O2 produced a study that showed that “telephone” apps on smartphones that allow you to use your phone to make actual phone calls are only the fifth-most-used app among the general public.

Phones aren’t used to make phone calls anymore so rules that assume this is the way advisers will be having discussions are outdated. 

This generation grew up with the gradual introduction of instant messaging, texting, email and other forms of written communication. 

Because they’re just as instantaneous, but provide you the ability to think over your words, younger people often dubbed the “anxious generation” seem more comfortable with this way of communicating. 

It could also be because text messages and emails can be opened and read at whenever is convenient for the person receiving them. How polite?

Despite the instant nature of text messaging and other messaging apps, email remains popular among millennials as well. 

So why haven’t millennials abandoned email in favour of newer forms of communication?

It may simply be because emails provide more space than text messages. 

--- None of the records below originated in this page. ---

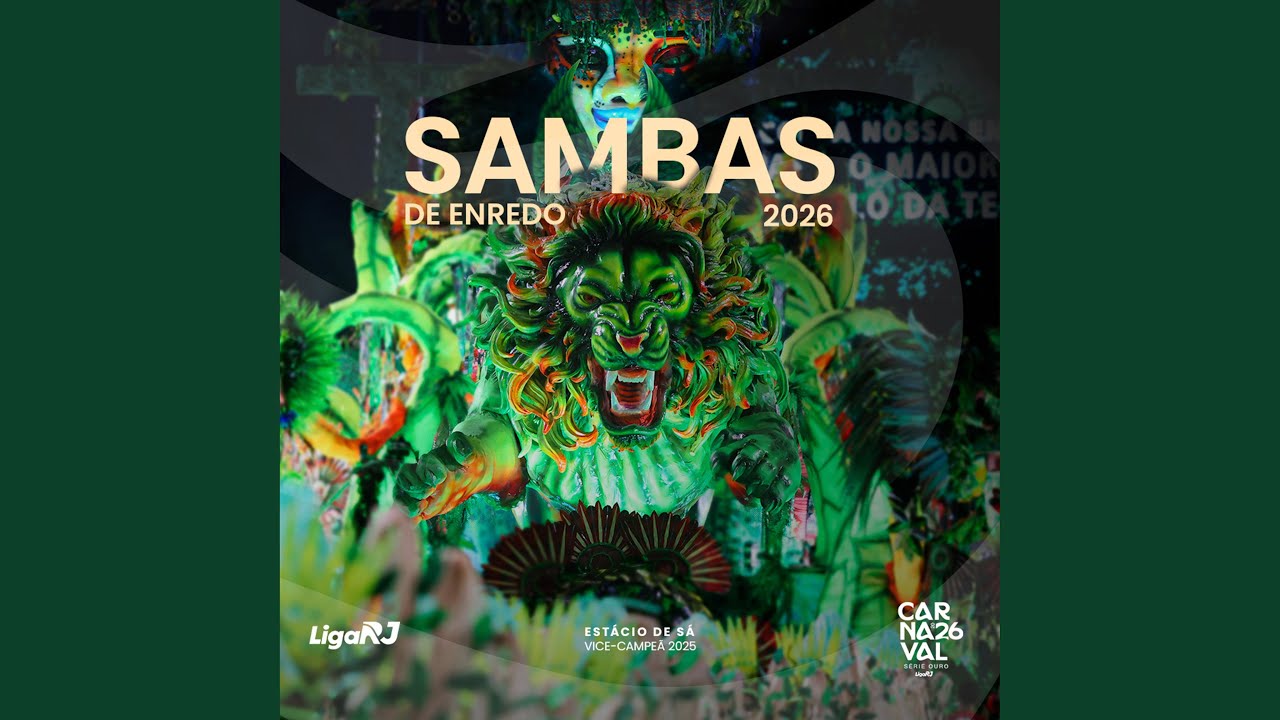 A Gargalhada É o Xamego da Vida (Ao Vivo)
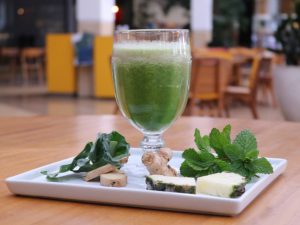 Dicas para se deliciar no Dia dos Pais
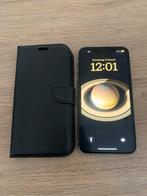 Iphone XR, Telecommunicatie, Mobiele telefoons | Apple iPhone, 80 %, Wit, IPhone XR, Ophalen of Verzenden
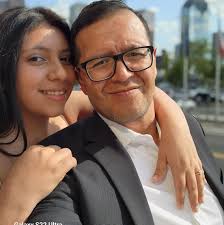 Fallower🔜🔜🔜 jueves 26 de Diciembre Gran Sorteo Mundialito Copa Maryland  indoor 2024 7:30 Pm Terra mare Restaurant en Wheaton Maryland Dirección  2405 ennalls ave Wheaton Md 20902 Para mas información llamar a los números  ☎️443-306-1409 ☎️301-461 ...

But if an instruction is simple, most millennials would opt for the mode of communication that best suits that message.

After lengthy email exchanges, is there anything wrong with a final message via text or the likes of WhatsApp asking “Just to confirm you are happy for me to transfer your defined benefit pension pot to your Sipp?”

The reality is this is how people expect to be dealt with.

Advisers and the regulator needs to adjust to these new standards. 

These communication trends are the direction of the dominant generation in the workplace. It is better to learn how to use them than to try and resist their takeover.

Communication styles need to suit the generation an adviser plans to speak with but the vital thing for everyone to remember is the basics of good communication don’t change between generations. 

Listening, remaining concise, and including all the important details are as important as they have ever been.

The only difference now is the modes of communication different generations expect to receive those messages via.